November 6, 2024
The Albanese government will rush emergency legislation into parliament after the High Court sunk the key security measures for freed immigration detainees and opened the door to “slam dunk” compensation claims.
In a major blow to the Albanese government’s strategy to manage the foreign offenders freed from immigration detention after last year’s NZYQ decision, the High Court on Wednesday ruled that the curfew and monitoring conditions imposed by the government on the detainees were unconstitutional.
About 150 foreign offenders – including convicted murderers, rapists, drug traffickers and people smugglers – were on Wednesday informed they would no longer need to wear ankle monitors or comply with strict curfews.

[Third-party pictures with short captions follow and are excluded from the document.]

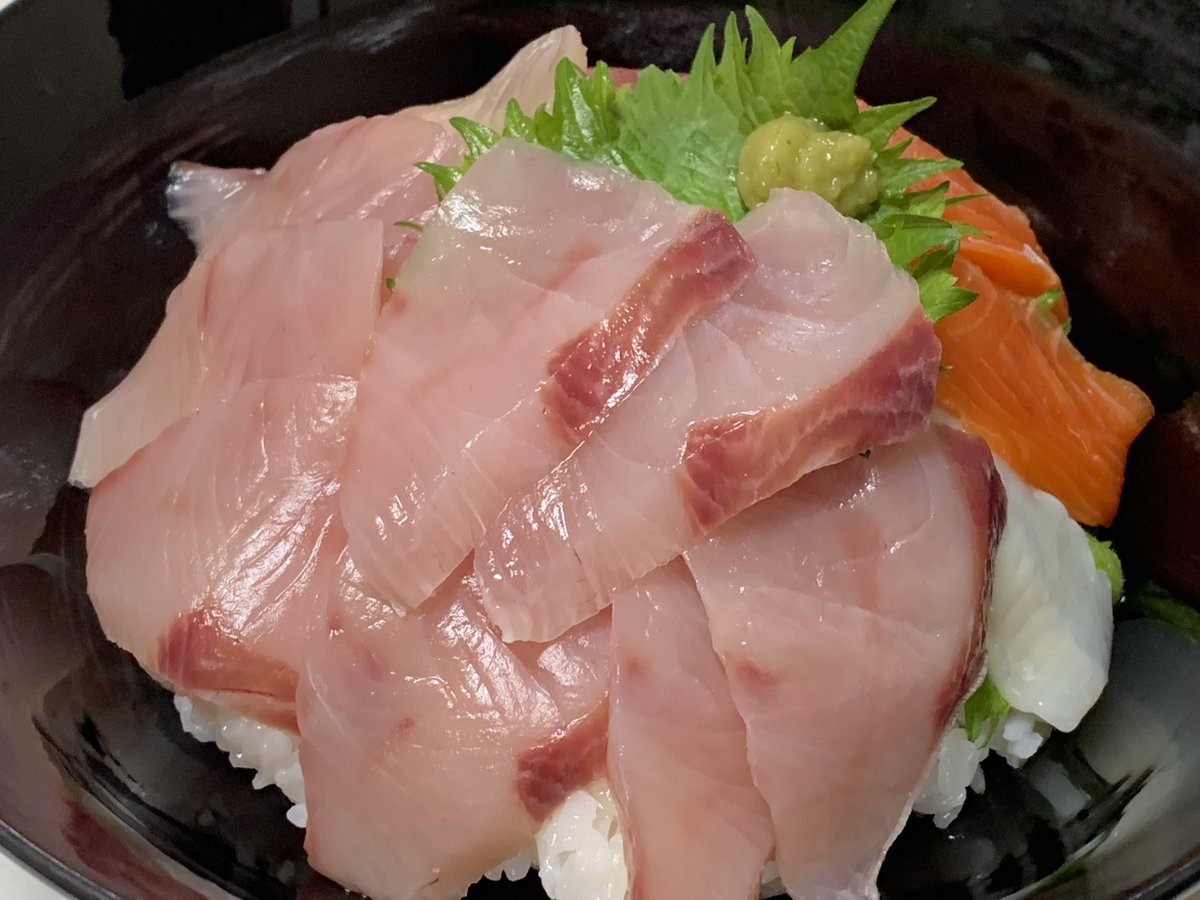 ＠もつ tweet media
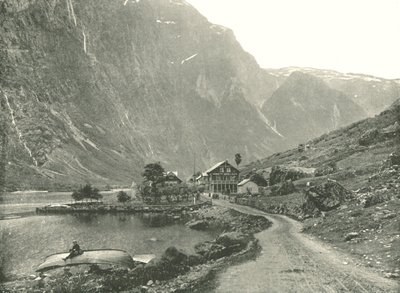 Telefonstation og hoteller, Gudvangen, Norge, 1895. af Poulton and Co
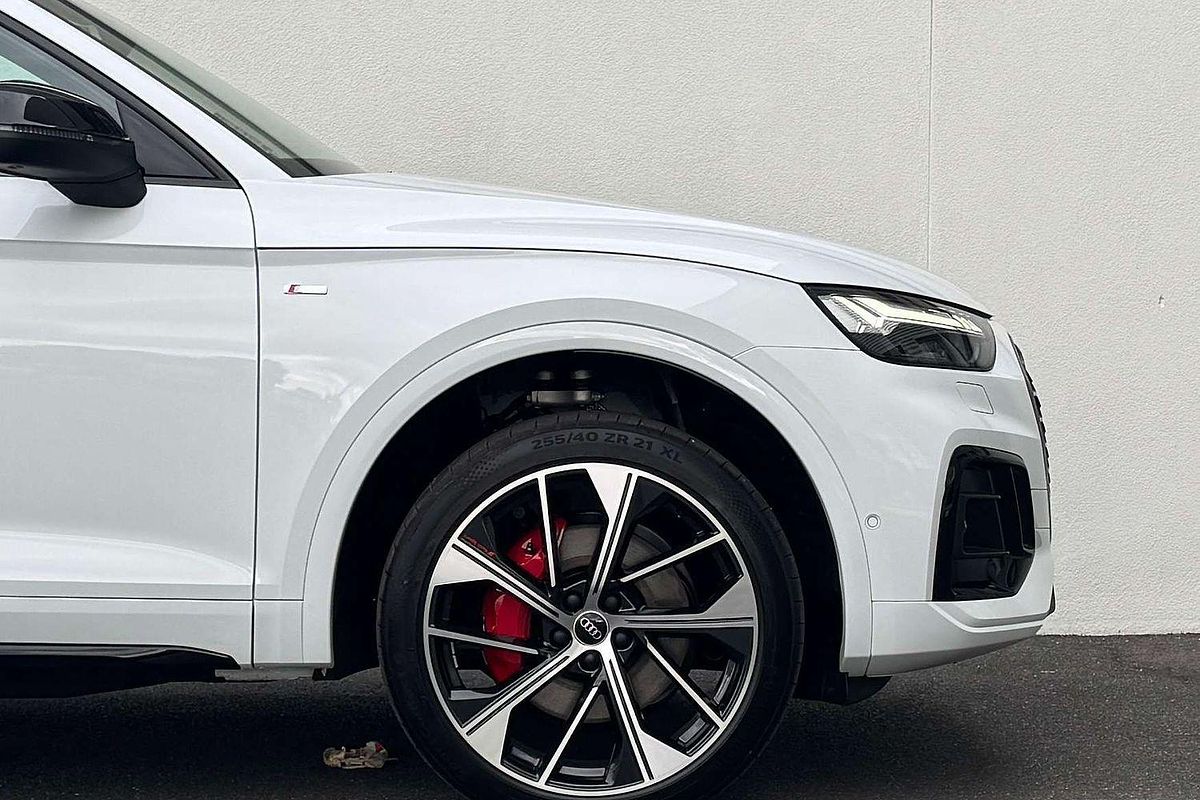 2025 Audi Q5 55 TFSI e S line FY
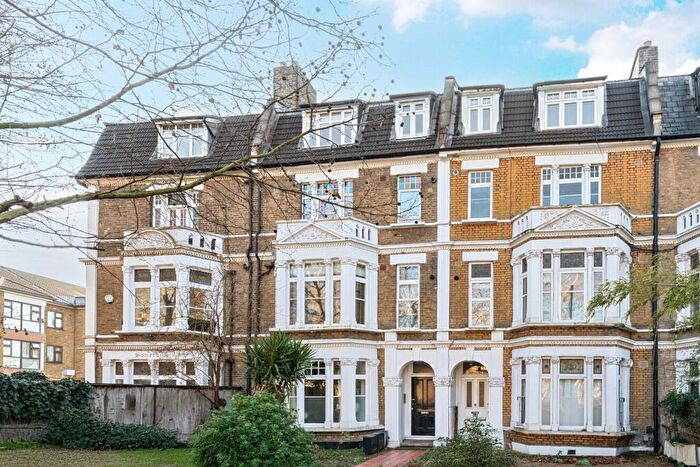 2 Bedroom Flat For Sale In East Dulwich Road, London, SE22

The latest High Court case had been brought by an Eritrean-born man, identified only as YBFZ, whose lawyers argued that the curfew was a “significant infringement of liberty” and the ankle monitor a “scarlet letter”. The man, who had arrived in Australia in 2002 as a 14-year-old, had stabbed at least three people, was convicted of burglary, and had set a property on fire before being put into indefinite immigration detention.
YBFZ and the others released in the wake of NZYQ had the monitoring and curfew conditions imposed on them under the special Bridging Visa R, or BVR, issued to each of the former detainees upon their release.
“The High Court held, by majority, that the imposition of each of the curfew conditions and the monitoring condition on a BVR is prima facie punitive and cannot be justified,” the High Court judgment ruled.
Home Affairs Minister Tony Burke said the government would introduce new legislation on Thursday to establish an “adjusted process” to continue monitoring the detainees.
He said the legislation would also strengthen the government’s power to deport dangerous non-citizens to a third country.
“The government imposed strict conditions on the NZYQ cohort because community safety is our top priority. We argued strongly in the High Court to keep electronic monitoring and curfews in place,” he said.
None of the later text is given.